Home Design 3D ($7 on iOS) is one of the better ones. It turns a two-dimensional view of your home into a three-dimensional graphic that you can view from any angle and even walk around as if inside. It is so sophisticated you could use it as a starting point for designing a house, rather than just tweaking your interior design.
You start in two-dimensional construction mode, adding rooms and adjusting their size and shape to match your place. You can add measurements and drop in items from a database, like a water fountain or a grand piano. There's a host of options for doorways, windows and other openings, and you can choose to color walls or floors with textures that look like wallpaper, carpet or wood or simply a uniform color.
When your design is done, you click on the 3-D button to turn it into a 3-D version. While the app tries to be as intuitive as possible, with clear icons for control and some attractively designed screens, it has a steep learning curve. The fact that you have to pay for access to some textures and pieces of furniture might also frustrate you.

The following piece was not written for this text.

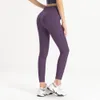 LL-CK005 Women's Yoga Outfits Trousers Skinny Pants Slim Tights Excerise Sport Gym Running Long Pant Elastic Waist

Build App Pro is a similar Android app that costs $6. The app also has a plan-view design mode that lets you set out the layout of rooms and furniture items, plus a 3-D graphical view. Like Home Design 3D, the app tries to make design simple -- it uses icon-driven menus and easy-to-learn gestures.
But it has a small number of 3-D furniture models and a tendency to crash.
A far simpler app is Houzz Interior Design Ideas, free on Android and iOS, which will probably be more useful in the early stages of any redesign plans. The app's main feature is an extensive catalog of photos, listed by categories like Family Room, Wine Cellar and Exterior. Tap on a category, select a subcategory like Modern or Tropical and scroll through the photos. You can bookmark designs you like in your own idea book, or export them to Twitter or through e-mail. The app also has lists of products for sale and professionals who can help you realize your design.
If you're just thinking about changing the color of your furniture or walls, there are many apps to help. The best-known color matching system is Pantone, and it has an official MyPantone app for iOS.
The app's main feature is a representation of the famous Pantone color swatches. Scroll through the rainbow of options by dragging and then tapping on a color you like. This brings up a new page of data on that color, including its official Pantone code number and a tab for "harmonies." This tab takes you to a graphical display of colors that complement your initial choice. If you are inspired by a color you see in real life, you can snap a photo of it and have the app recommend the closest Pantone color. You can save your favorite colors for a visit to a store to find matching paint. The downside is that the app costs a steep $10.
Swype has been a popular alternative text-entry system for Android. It speeds typing on an on-screen keyboard because you simply glide your finger to the next letter in the word you want to type. Now the app has come out of its beta test mode, and has hit Google's Play store for the first time, priced at $1.